The inventory is committed at
examples/dvmcp.inventory.json,
so everything below reproduces with:
capframe find examples/dvmcp.inventory.json --out findings.json --pretty
First run: correct, and yet clearly wrong
total: 10 | by severity: { critical: 0, high: 0, medium: 10 }
by rule: { r1: 10 }
Every one of the ten tools got flagged for unconstrained string input (rule R1). That's correct — none of them bound their inputs, and an unconstrained string is a real injection/payload surface.
But look at the severity column: everything is medium. Which means the scanner rated this:
execute_shell_command(command: string) → medium
exactly the same as this:
get_user_info(username: string) → medium
One of those runs arbitrary shell commands on the host. The other looks up a username. Rating them identically is not a small miss — it's the scanner failing at the one job that matters most, which is telling you what to panic about first.
The gap
I went looking for why. Capframe's classifier had six rules (R1–R6): unconstrained input, missing auth on side-effecting tools, side-effect/name mismatch, unbounded money params, undeclared-money, and external-fetch surfaces. Reasonable coverage — except none of them fire on "this tool executes code."
Worse, the two rules that should have caught it both no-op'd here:
- R2 (missing auth on side-effecting tool) gates on declared side-effects. DVMCP declares none — so R2 had nothing to key on. A tool that doesn't admit it has side effects sails straight past the side-effect rule.
- R3 (name implies a side-effect not declared) keys on a list of mutation verbs (delete, send, refund, …). "execute" wasn't in the list. Neither was "exec" or "shell."

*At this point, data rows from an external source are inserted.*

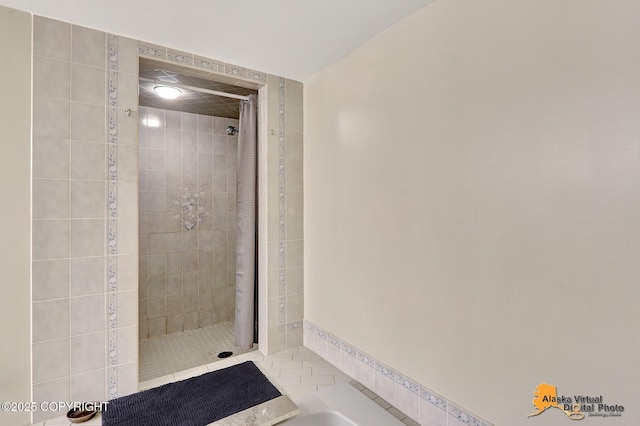 7521 Labrador Cir, Anchorage, AK 99502 - bathroom featuring tiled shower and a bathtub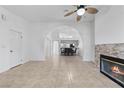 Open floor plan with tile flooring, arched doorway, and stone fireplace at 1411 Di Blasi Dr # 104, Las Vegas, NV 89119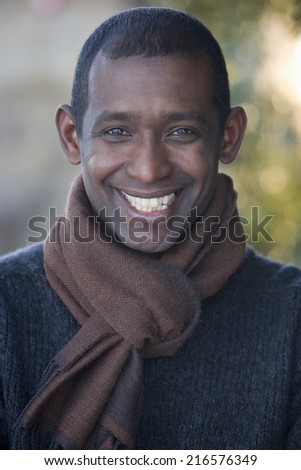 Happy man smiling and wearing scarf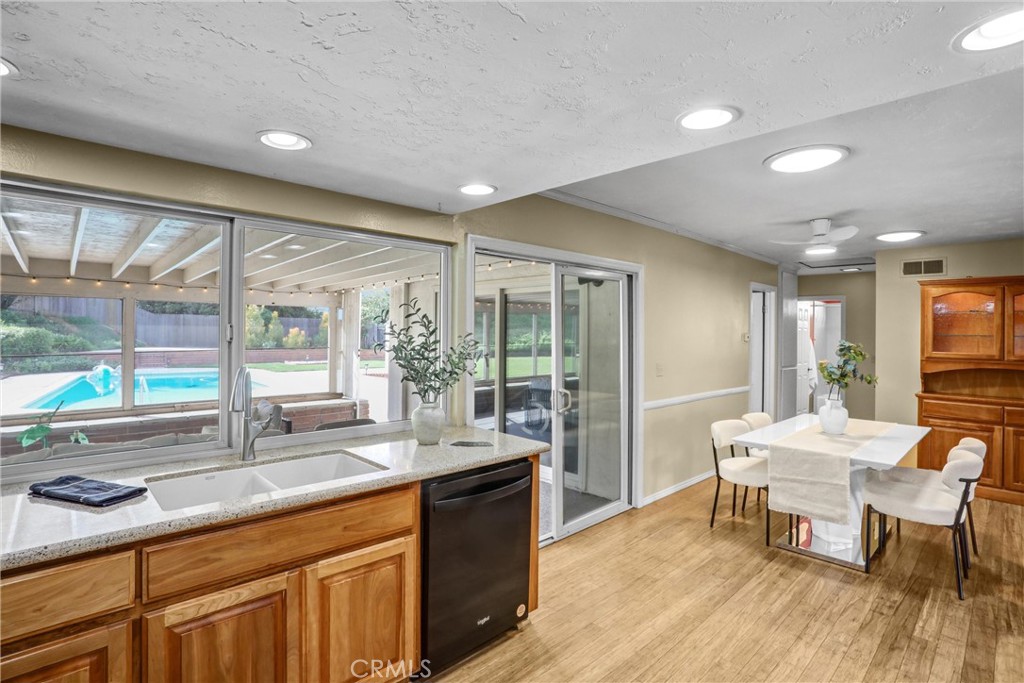 1103 Moonlight Summit Drive Diamond Bar, CA 91765 - Photo 11 of 31 Indoor-outdoor entertaining made easy bright kitchen/dining with sliders and a clear view to the covered patio and pool.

So the single most dangerous category in the whole space — arbitrary code execution — had no dedicated detector, and the adjacent rules were defeated by a server simply declining to describe itself honestly. Which, of course, is exactly what a real vulnerable server does.
The fix: R7
I added a seventh rule. R7 fires Critical when a tool's name or description
implies code, shell, or subprocess execution — execute_, shell command,
eval(, subprocess, arbitrary code, and friends. Crucially, it ignores
declared side-effects entirely. The whole lesson from DVMCP is that the
declaration can't be trusted, so R7 keys only on the strongest available signal:
the tool is telling you, in its own name and docstring, that it runs code.
The rule was added test-first — three unit tests (shell tool → critical, code execution by description, benign tool stays silent) plus an integration test that locks the DVMCP numbers so this post's figures can't silently drift.
Second run
total: 12 | by severity: { critical: 2, high: 0, medium: 10 }
critical: [ execute_python_code, execute_shell_command ]
Now the two RCE tools sit at the top of the report where they belong, and the other eight unconstrained-input findings remain as medium. That's an honest severity picture: these two will get you owned; the rest are hygiene.
What R7 still misses (because a security post without this is marketing)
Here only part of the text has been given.